[Edited version - originally posted on June 11, 2014]
The napkins and placemats from our Matouk Casual Couture Table Collection are the epitome of summertime chic. Made from Irish linen, they’re crisp, fresh, and pulled together without a hint of formal fussiness. The fun shapes and color accents inspired us to think about entertaining. (If you’re planning a party, check out our “Setting the Table” board on Pinterest.)
We called Christine Altieri and Jana Gimenez, partners in Boston-based AE Events, to talk wedding linens. They walk us through the design considerations surrounding the choice of tablecloths and napkins for weddings or other social events, hitting on current trends in tablecloths and rules for sizing and such.
What are some current trends when it comes to tables and luxury table linens for weddings?
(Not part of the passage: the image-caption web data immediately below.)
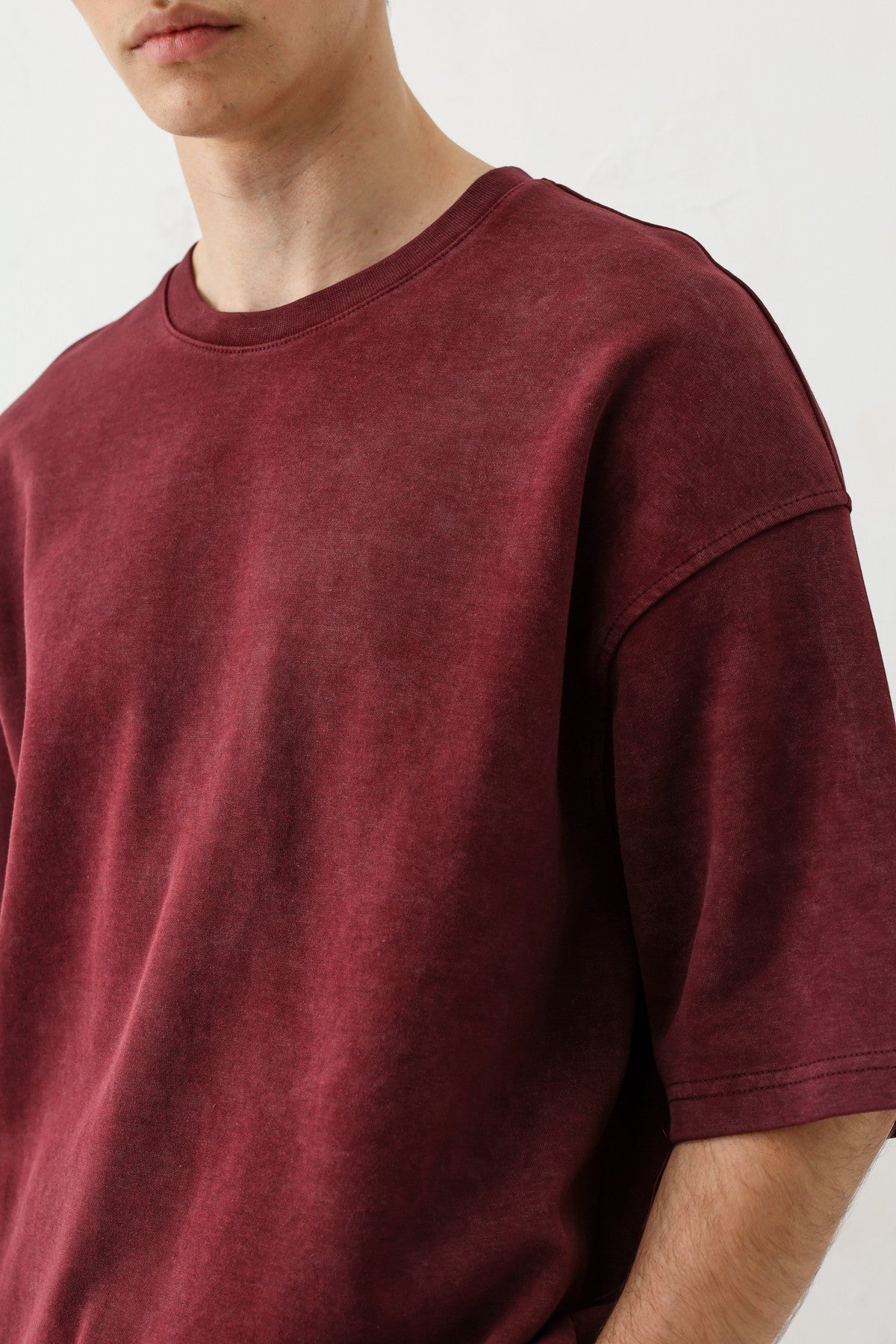 Kısa Kollu Yıkamalı Oversize Tişört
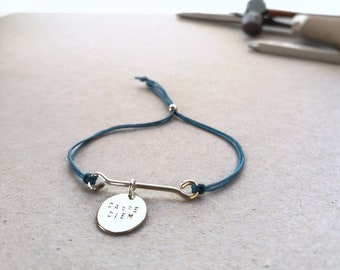 SB43* "Carpe Diem" - a one charm Bracelet of silver and a thin blue cord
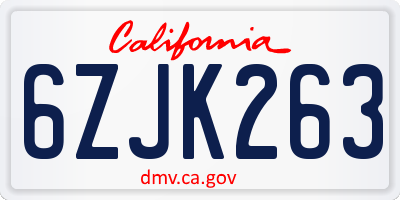 CA license plate 6ZJK263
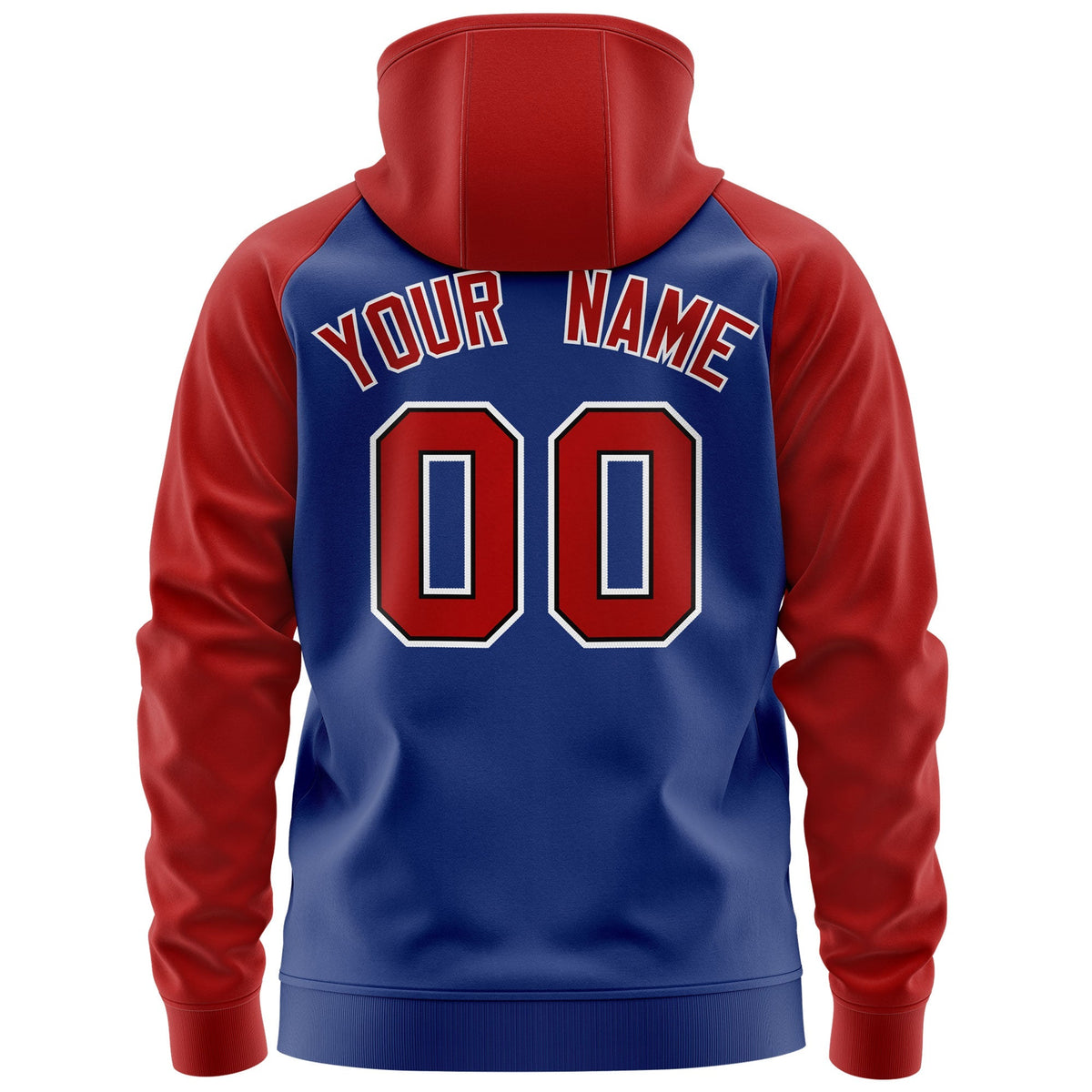 Custom Stitched Royal Red-White Raglan Sleeves Sports Full-Zip Sweatshirt Hoodie| KXKSHOP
The natural look is very popular. We just did a wedding on Cape Cod using long barn tables topped with a modern silvery linen runner and slate square chargers. It’s rustic but elegant. Burlap style linens are popular.
Instead of using the usual banquet tables that get covered with floor length tablecloths, couples are opting for wooden tables, called barn tables.
No tablecloths with barn tables?
Since the point is to see the wood top, we either go bare or use a runner on top, instead of full-on tablecloth.
Are there rules for how wide a runner needs to be?
For a 36-inch wide table, you want about twelve-inches covered in the center. You don’t want the runner to cover all of a beautiful wood tabletop or entirety of the undercloth, if you’re using one. However, you don’t want it to interfere with the chargers either. Chargers are generally 12-inches. If you’re using a 42-inch wide table, you can go a little wider with the runner, if you want.
How long should a runner hang down at the ends of the table?
You want a runner to hang down at least 12-inches on both ends.
What size tablecloth should be used with round tables?
Standard rounds are 60-inches and 72-inches, so which you need 120-inch and 132-inch tablecloths respectively. You want to be sure they touch the floor.
Do you ever use a mixture of table shapes and sizes?
If you want to mix it up, you can definitely mix table sizes and shapes in a room. We did an event recently with all oval tables.
Do you mix colors or work in pattern at all?
You can layer colors and patterns, with multiple tablecloths, runners, napkins, and seat cushions. Working in odd numbers, you might use two solids and then add a pattern that pops, like a chevron, which was really popular for a while. You can do the same mix on each table, or, do a variation of tables in the room. We recently did an event at which we used patterned tablecloths on the tables in the center, and solid tablecloths on the tables around the edges.
Is there a move away from traditional styles?
The trend with social and fundraising events is to do something unique. When it comes to weddings, we’d say 80 percent of clients want to include at least one traditional element on the table.
What are examples of traditional wedding table linen elements?
You might use that a patterned tablecloth, but add an hemstitch napkin for a touch of traditional.
At what stage of designing the overall wedding tablescape does the tablecloth decision come in?
The linens on the table make such a statement. The tablecloth is the largest element; it grounds the design, like a rug in a room. In that sense the linens dictate and reflect the design vibe of the space. Sometimes the centerpiece and linens are determined in concert with one another. A client recently picked a burlap type of linen for their tablecloth, along with plants in wooden boxes as centerpieces.
What are some other considerations for wedding table linens?
You’ll have to decide on the fabrication. Are you a natural weave person, or do you like sheen? How will you fold the napkin? Will you use napkin rings? Do you need chair cushions, and should they match or contrast with the linens?
Please tell us nobody has napkins folded to resemble swans anymore?
No, but we recently did an event for which we used napkins with onyx stripes, folded like a men’s tie. The current trend is for napkins to hang down from under the charger.